В перспективе, заключает она, у этого нового государственного строя с его «чудовищным аппаратом» возникнет потребность во всё более жестком подавлении людей. Причем эффективнее всего оно работает, в русле идейной пропаганды, во имя самого же народа, который обязан подчинить все свои трудовые усилия неустанной борьбе не на жизнь, а на смерть с каким-либо внешним врагом. Только тогда круг подавления индивида замыкается на совершенно анонимном коллективе, единственное видимое лицо которого отныне – лицо вождя.

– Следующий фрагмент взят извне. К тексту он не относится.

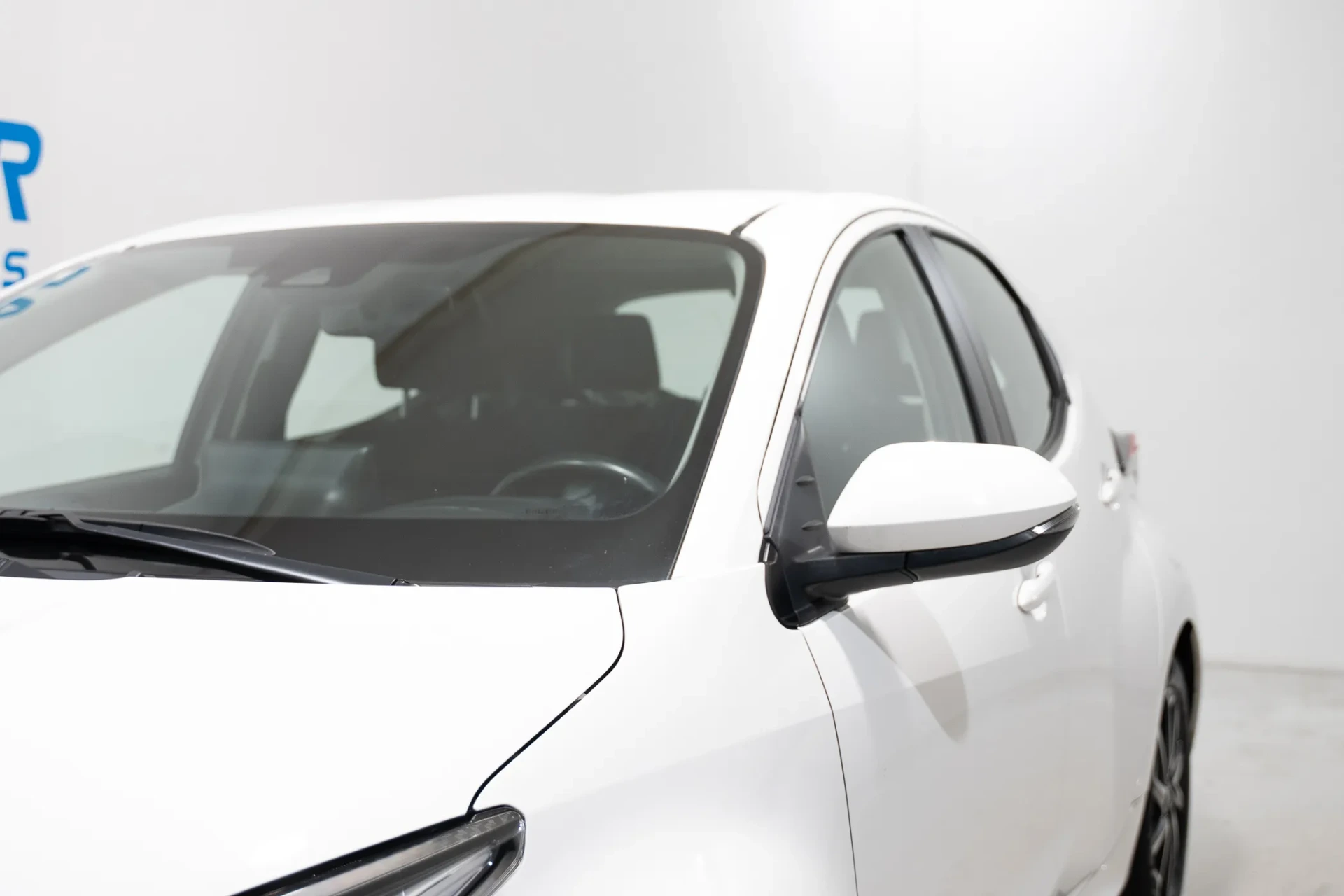 Toyota Yaris 1.5 HDF Comfort 4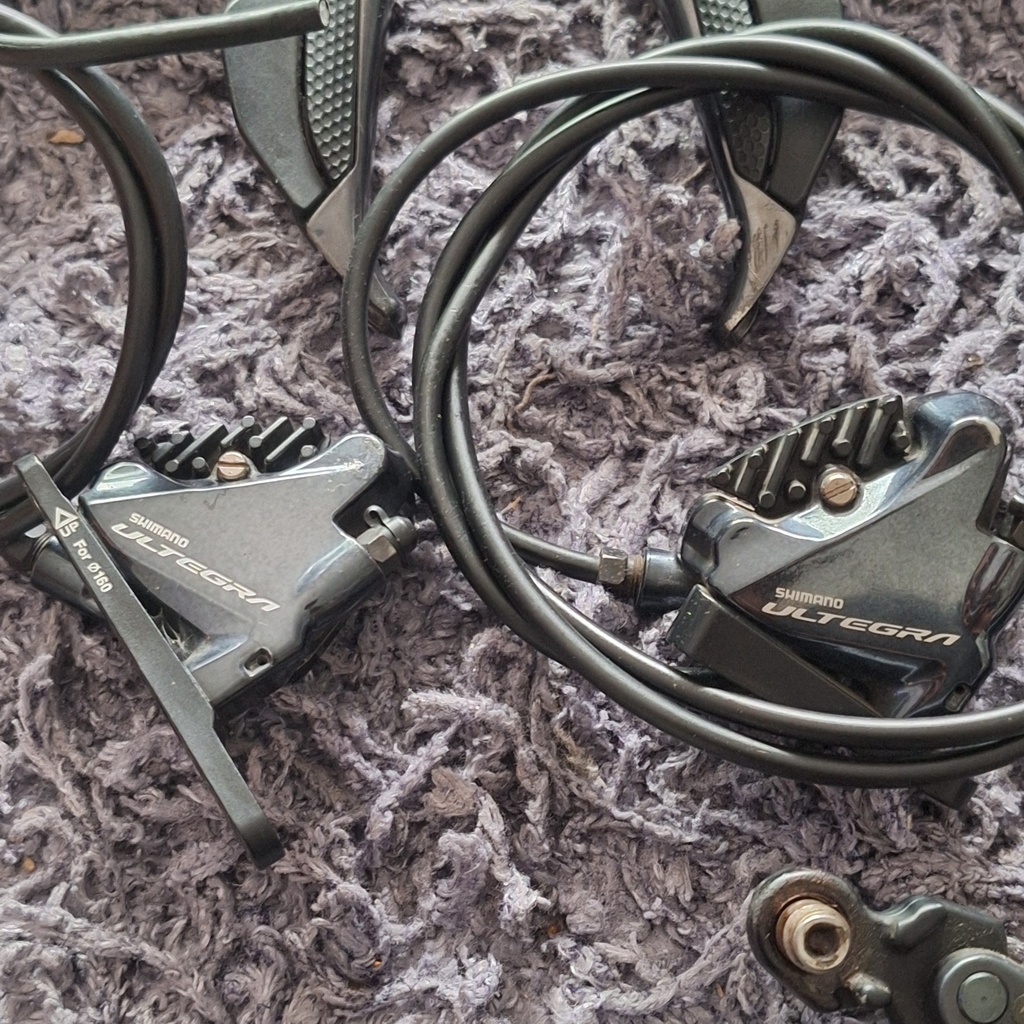 (Used) Kit Set SHIMANO Ultegra DI2 11 speed (brifter,caliper,fd,rd,chain,Rotor,Battery,Charger)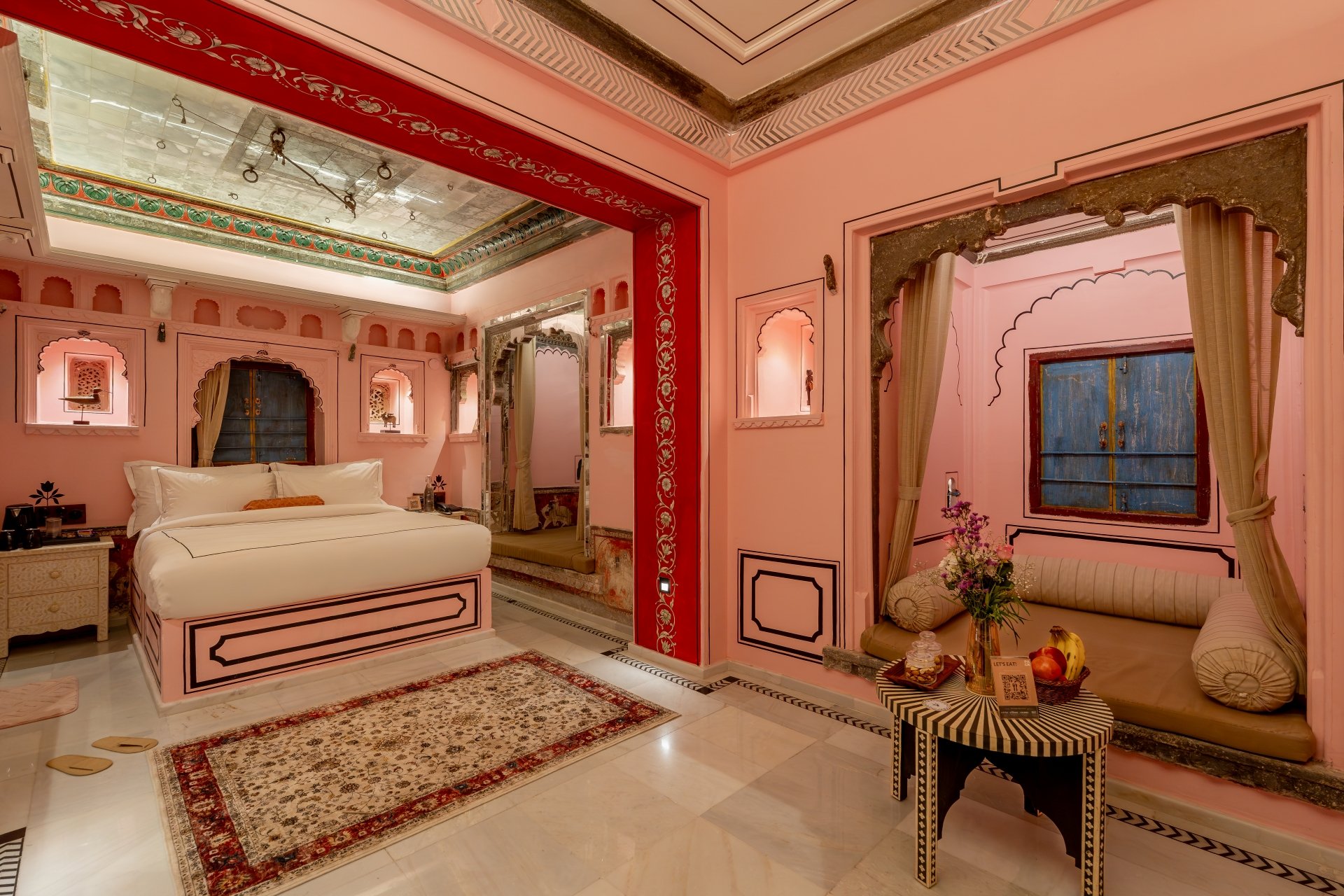 The Gulaab Suite (with Bathtub)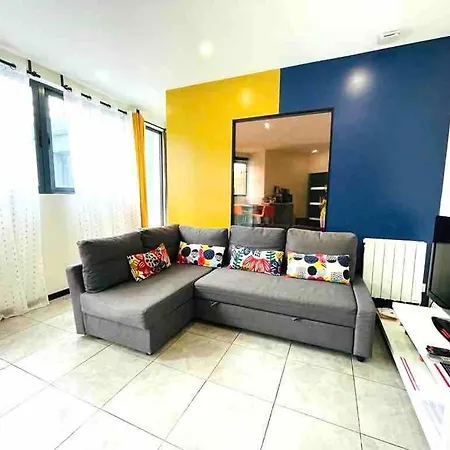 Villa Contemporary House Stadium Of France *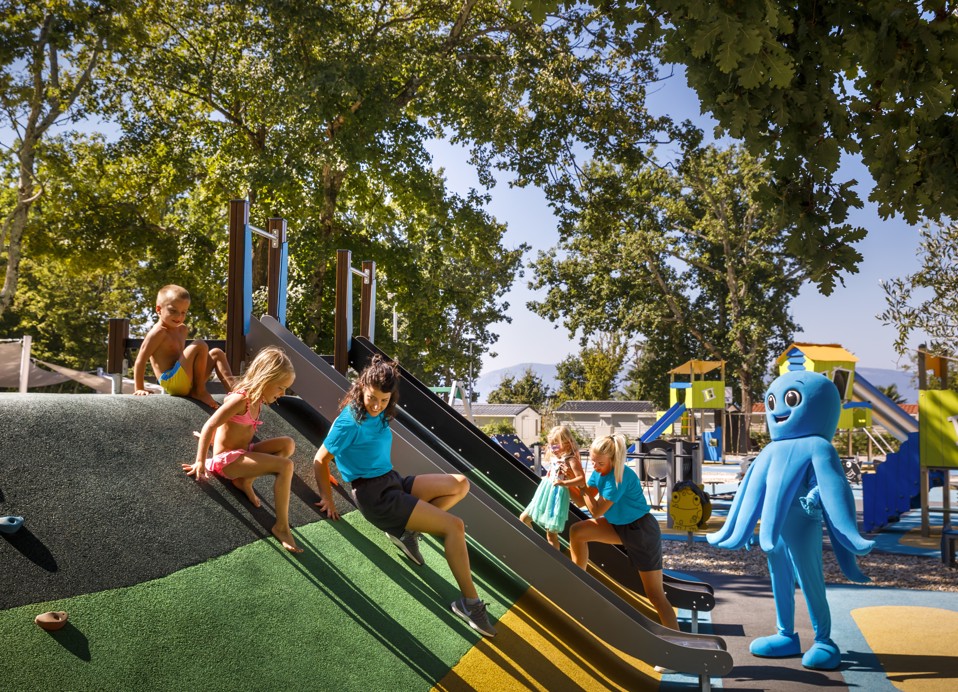 Fun outdoor activities for children organized by the animation team at Magal Maradiso Hotel by Aminess.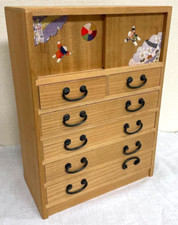 Cassettiera giapponese in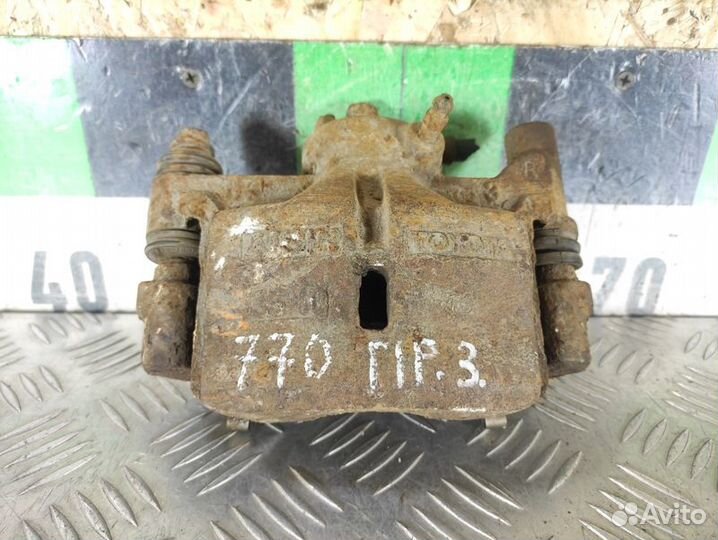 Суппорт задний правый Toyota Camry v10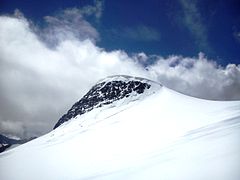 Le dôme de l'Arpont sous la neige, dont seule la sommité n'est pas enneigée.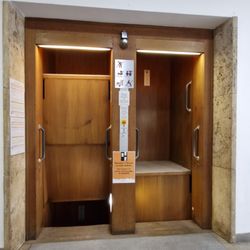 Rathaus Stuttgart - Paternoster. Aufzug funktioniert noch.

Вейль не знает, как остановить эту тенденцию: в ее эссе не предложены пути выхода. Убежденная адептка социализма, она завершает свою статью напоминанием о его истинной миссии:
Высшей ценностью для нас должен быть не коллектив, а отдельный человек. Мы хотим создать полноценного человека, устранив специализацию, которая калечит всех нас. <…> Индивидуум понимает, что его вероломно лишили средств борьбы и труда; ни война, ни производство сегодня невозможны без полного подчинения индивидуума коллективной власти <…>. Подчинение общества индивидууму – вот определение истинной демократии, а следовательно, и социализма.[27]
Армия спасения
Беспощадная бюрократизация, отчуждение партийного аппарата от базиса, слепое единогласие – с такой критикой в адрес русской революции Симона Вейль была не одинока в тогдашнем лагере левых. Строго говоря, именно по этим пунктам Лев Троцкий с конца 1920-х годов предъявляет претензии своему бывшему соратнику Иосифу Сталину. Из СССР, где его недолго думая заклеймили как «еврейского заговорщика» и «лакея фашизма», он был выдворен в казахстанскую ссылку, а в 1929-м выслан в Турцию. В июле 1933 года Троцкий вместе со своей гражданской женой Натальей Седовой и старшим сыном Львом оказывается в эмиграции в Барбизоне, маленьком городке к югу от Парижа. Испытывающий постоянные денежные затруднения и лишенный советского гражданства, Троцкий как независимый публицист живет под надзором французских властей и в постоянном страхе перед агентами советских спецслужб. Он работает над созданием Четвертого Интернационала, целью которого является общемировая коммунистическая революция.
Правительство Даладье категорически запретило Троцкому вмешиваться во внутренние дела Франции и посещать Париж. По сути, он занят рискованным делом, связанным с необходимостью тщательного планирования и сохранения максимальной секретности. Бири долго сопротивлялся, но Симона настаивала. Как всегда, он ей уступил.
Под Новый год всё готово. Со свежей прической, без бороды и пряча лицо в поднятый воротник, Троцкий с сыном и женой, в сопровождении двух охранников заселяется в знаменитую квартиру на седьмом этаже на Рю Огюст Конт. Вердикт после короткого осмотра: жилье подходит. Осталось раздобыть еще одно кресло для телохранителей, которые будут посменно дежурить у спальни Троцких с револьвером наготове.
Результатом деятельности Симоны как помощницы беженцев и, в частности, ее общения с «наследником» Троцкого Львом-младшим стало то, что именно в доме Вейлей прошла первая сессия нового штаба будущей мировой революции. Хотя Вейль с июля ведет переписку со Львом Седовым, его отец – которого в кругу Симоны зовут Папа́ – негативно отреагировал на ее тезисы о «пролетарской революции». В октябре в Бюллетене оппозиции он публикует обширную статью под названием Классовая природа советского государства (проблемы Четвертого Интернационала), где решительно опровергнуты все ее основные тезисы:
Придя в отчаяние от «неудачных» опытов диктатуры пролетариата, Симон[а] Вейль нашла утешение в новом призвании: защищать свою личность от общества. Формула старого либерализма, освеженная дешевой анархической экзальтацией! И подумать только, что Симон[а] Вейль величественно говорит о наших «иллюзиях». Ей и ей подобным нужно было бы много лет упорного труда, чтобы освободиться от самых реакционных мелко-буржуазных предрассудков.[28]